ACTIVITY:
Without including any pictures, copy each entry below exactly.

━━━━━ MATERIAL TO PROCESS

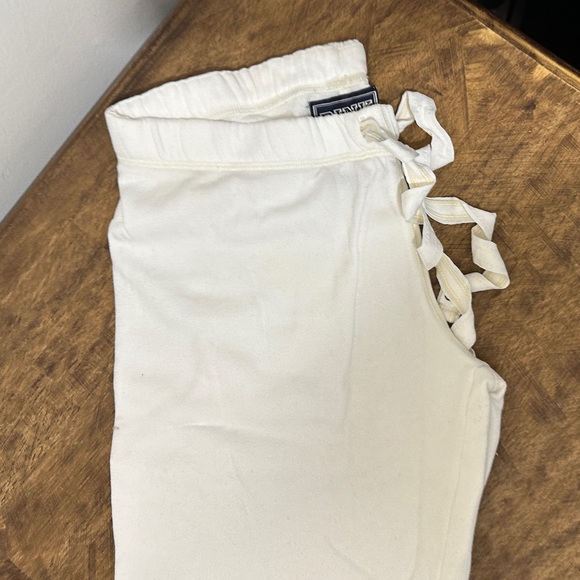 VICTORIA’S SECRET PINK HTF VINTAGE OLD SCHOOL LOVE PINK WHITE LOGO SWEATPANTS S - Picture 5 of 11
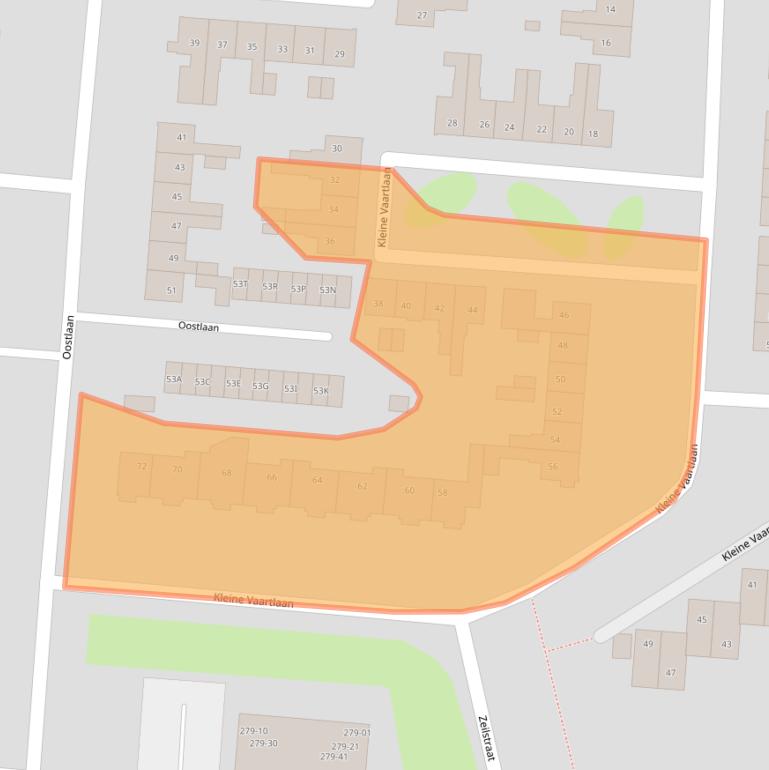 Kaart van postcodegebied 9642PJ.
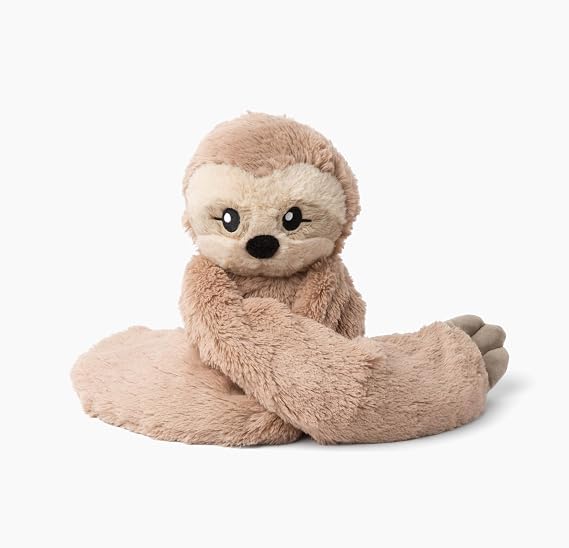 HUGIMALS Hugarounds Sawyer the Sloth 2.5 lb Microwaveable & Freezable Weighted Plush Neck & Shoulder Wrap | Soothing, Comforting Hugs for Self-Care & Relaxation | Unscented for Ages 2+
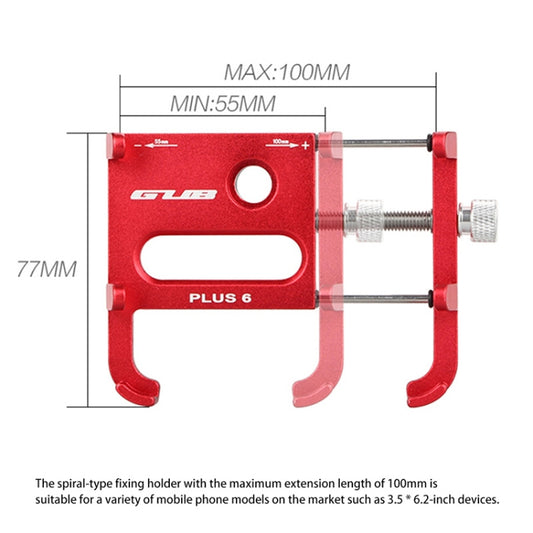 GUB Plus 6 Aluminum Alloy MTB Bike Bicycle Phone Holder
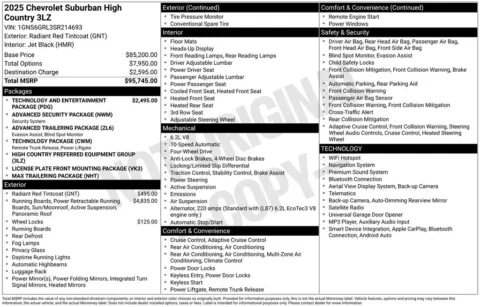 Photos of 2025 Chevrolet Suburban High Country for sale in Norwalk, IA at Gregg Young Chevrolet of Norwalk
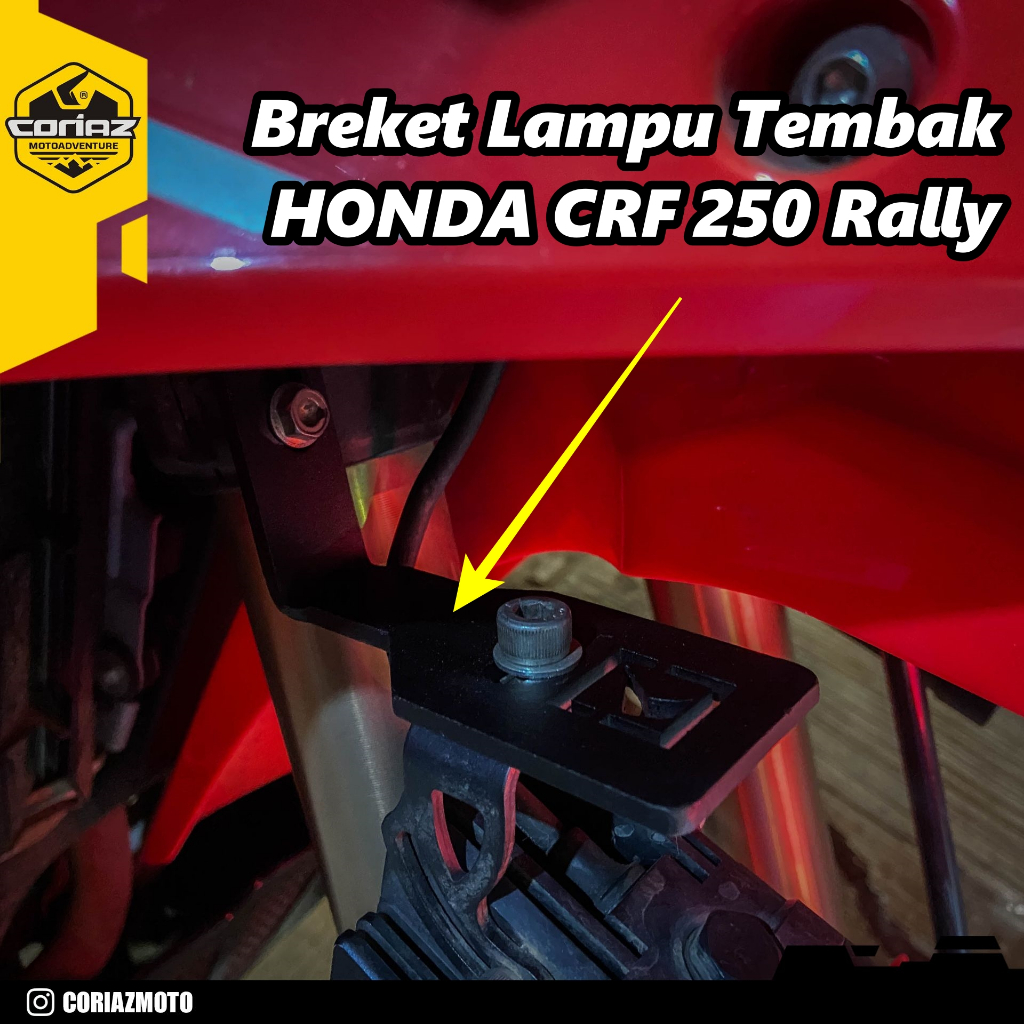 Bracket Lampu Honda CRF 250 Rally / L Breket Lampu Tembak Fog Lamp CRF250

━━━━━━━━━━

WRITTEN SOLUTION:
 VICTORIA’S SECRET PINK HTF VINTAGE OLD SCHOOL LOVE PINK WHITE LOGO SWEATPANTS S - Picture 5 of 11
 Kaart van postcodegebied 9642PJ.
 HUGIMALS Hugarounds Sawyer the Sloth 2.5 lb Microwaveable & Freezable Weighted Plush Neck & Shoulder Wrap | Soothing, Comforting Hugs for Self-Care & Relaxation | Unscented for Ages 2+
 GUB Plus 6 Aluminum Alloy MTB Bike Bicycle Phone Holder
 Photos of 2025 Chevrolet Suburban High Country for sale in Norwalk, IA at Gregg Young Chevrolet of Norwalk
 Bracket Lampu Honda CRF 250 Rally / L Breket Lampu Tembak Fog Lamp CRF250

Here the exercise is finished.